Quei fidanzati laggiù stanno andando in vacanza. Il più giovane non riesce a contenere la sua gioia e non smette di parlare, il suo compagno cerca di farlo tacere abbracciandolo. La signora di mezz’età passa il tempo guardandosi intorno e divide la sua frutta con il giovane che viaggia in bici. Quando il ciclista scende la saluta ancora dalla banchina. Coloro che viaggiano sul nostro treno ci somigliano: tutti amano qualcuno, tutti hanno lasciato una casa e vanno altrove.

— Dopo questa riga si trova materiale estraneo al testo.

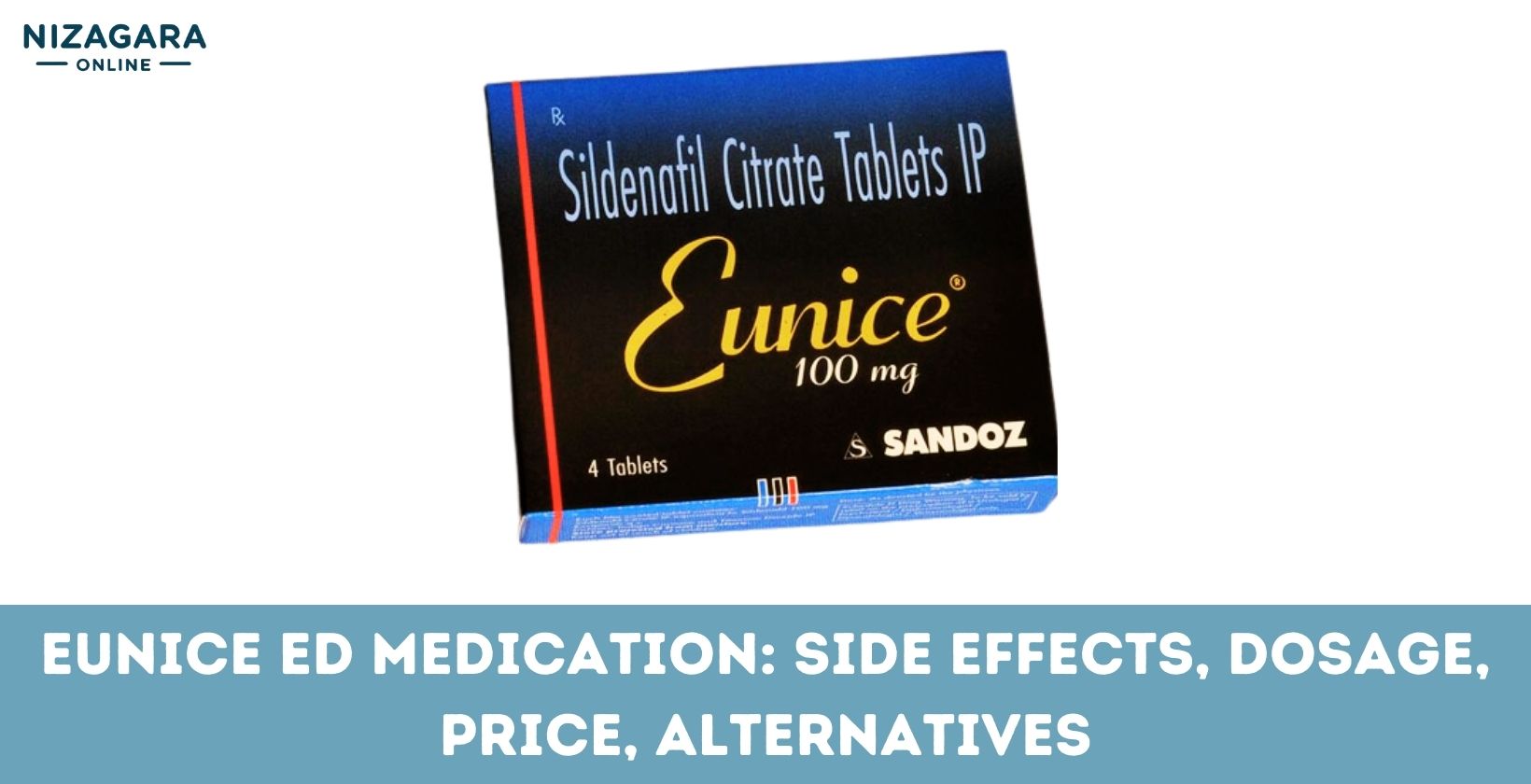 eunice ed medication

Lo scrittore Antonio Moresco e i viaggiatori della Repubblica Nomade, invece, si muovono a piedi, per riscoprire la terra, le strade, per vedere da vicino altre vite, per incontrare, per conoscere. Per apprezzare il silenzio della camminata ma anche il dialogo profondo che nasce tra donne e uomini che si muovono, lentamente, fianco a fianco: “La Repubblica Nomade è uno spazio e un sogno in movimento dove le persone che scelgono di farne parte, o di attraversarlo, possono trovare un loro posto e dove il nomadismo diventa prefigurazione di un diverso modo di vivere e di stare al mondo. Il nostro percorso è cominciato alcuni anni fa, quando un gruppo di donne e uomini […] ha attraversato l’Italia e l’Europa con una serie di cammini, eleggendo lo spostamento, l’invenzione, l’avventura e la traslocazione a linguaggio e messaggio irradiante”.